Pour protéger les assemblées de disciples du Christ d’une telle tendance historique à l’autoritarisme, je privilégie l'organisation d’une réunion en cercle. Le prêtre n’est pas face à un auditoire, il est au milieu des gens, au même niveau. Pour une eucharistie, dans ce cercle, son, siège sera différent afin de signifier, en harmonie avec ses vêtements liturgiques, qu’il n’agit pas à cause d’un statut « sacerdotal » (seul Christ est sacerdos), mais dans la personne du Christ (in persona christi).

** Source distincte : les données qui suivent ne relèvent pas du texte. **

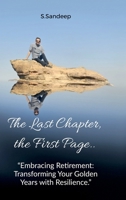 The Last Chapter, the First Page: Embracing Retirement: Transforming Your Golden Years with Resilience B0F6P8QSM5 Book Cover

Certes, quand l’assemblée est importante, cette disposition à un même niveau pose problème. Les derniers rangs ne voient pas ce qui se passe auprès du sanctuaire. Si le Moyen-âge au fond de l’étroite nef gothique acceptait cette non-visibilité au nom du mystère chrétien, depuis le milieu du XXe siècle, ce n’est plus un argument recevable. Aussi je trouve justes les audacieuses constructions d’églises des années 1960 dans leur forme circulaire qui disposait les sièges de la nef en gradin centrés sur l’autel du sanctuaire. Il semblerait que les architectes reçoivent actuellement des commandes plus classiques, selon le plan romain basilical qui offre l’idée d’un sanctuaire tribune où, comme dans un théâtre, le meneur du jeu s’adresse à une foule d’auditeurs. Le sanctuaire, surélevé par rapport à la foule, devient une occasion de mise sur un piédestal. Pour que les fidèles participants prennent la parole, ils doivent rejoindre les micros et faire face à tous. La disposition en cirque avec gradins permet à chacun d’être vu par tous et de s’exprimer à tous, de sa place. Encore une fois, ceci est plus facile dans une petite assemblée. Une technique d’amplification, désormais possible, s’avère vite nécessaire pour les grands groupes.
On dit que l’Église n’est pas une démocratie !
Je réponds à cela que des doses de démocratie permettent aux chrétiens de retrouver le mode de vie communautaire que Jésus a connu avec ses disciples.
Sur Vatican news, j’ai lu ceci :
« Mgr Aupetit (archevêque de Paris) exhorte chaque fidèle, -laïc, diacre, prêtre, religieux et consacré-, à lire attentivement la lettre du Souverain Pontife, qui en appelle à la responsabilité de tout le peuple de Dieu qui forme l’Église. «Nous sommes parfaitement heureux lorsque quelqu’un comme Mère Teresa (…) montre le vrai visage de l’Église, mais quand nous sommes blessés, nous sommes en devoir de porter aussi cette blessure» pour qui chacun sans exception doit se sentir concerné par cette crise sans précédent ».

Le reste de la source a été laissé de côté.